Why AI Hallucinates Imports (and How to Stop It)

Part 4 of a 6-part series on configuring AI coding assistants for large codebases

Imagine you ask your AI assistant to write an HTTP client for a third-party shipping API. It generates clean code. Good error handling. Proper retry logic. And at the top of the file: import com.company.platform.common.http.RetryableClient.

That class doesn’t exist. It never existed. The AI invented it.

The code looks professional. The class name is perfectly plausible. If you weren’t paying attention, you’d accept the suggestion, run the build, and spend ten minutes figuring out why it can’t resolve the import.

This isn’t a random glitch. It’s a predictable failure mode. And once you understand why it happens, you can prevent most of it.

How hallucination works

Language models predict the next token based on patterns in their training data. When the model has enough context about your project (the right imports, the right class names, the right package structure), it generates accurate code. It’s pattern-matching against real signals.

When context is missing, the model fills the gap. It doesn’t flag uncertainty. It doesn’t say “I’m not sure this class exists.” It generates something that looks right based on statistical likelihood. Something that would exist in a typical Java project. Something that matches the naming conventions it’s seen millions of times.

The result: code that would be valid in some project. Just not yours.

Three types of hallucination

Not all hallucination is the same. In large Dropwizard codebases, three types dominate.

Phantom imports. The AI invents packages, utility classes, or helper methods that don’t exist. com.company.platform.common.http.RetryableClient. com.company.platform.utils.JsonHelper. com.company.platform.core.BaseResource. These names are plausible because they follow standard Java naming patterns. That’s exactly what makes them dangerous.
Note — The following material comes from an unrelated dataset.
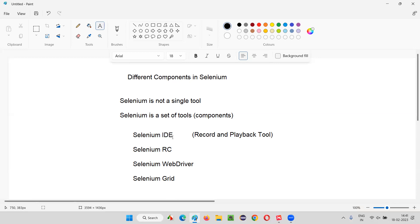You don't have to write any code to automate using Selenium IDE. In upcoming sessions I'll show you how to write code to automate, but at this moment we are talking about Selenium IDE, which doesn't need you to write any code. Simply record the tests like recording a video and run the test like playing a video. That is Selenium IDE.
In practice, hallucinated package names tend to be repeatable. Ask the model to regenerate the same code, and it often hallucinates the same fake package. This isn’t randomness. It’s a systematic bias in the model’s training data. Lots of Java projects have a common.http package, so the model confidently predicts one in yours.

Cross-module confusion. Your project has an OrderStatus enum in the orders package and a Status enum in the billing package. The AI is working in the billing module and imports OrderStatus instead of Status. The types don’t match. Or worse, they’re structurally similar enough that the code compiles but produces wrong behavior at runtime.

This happens because the AI sees your project as a flat buffer of text tokens. It doesn’t have a resolved dependency graph. It doesn’t know that billing should never import from orders. It just sees two enums with similar names and picks the wrong one.

Version drift. You’re on Dropwizard 2.1. The AI generates code using io.dropwizard.core.Application, the Dropwizard 4.x package path. Or it uses @Context HttpServletRequest in a resource method, which works in Jersey 2 but behaves differently in Jersey 3. Or it suggests JdbiFactory with constructor arguments that changed between JDBI 3.x minor versions.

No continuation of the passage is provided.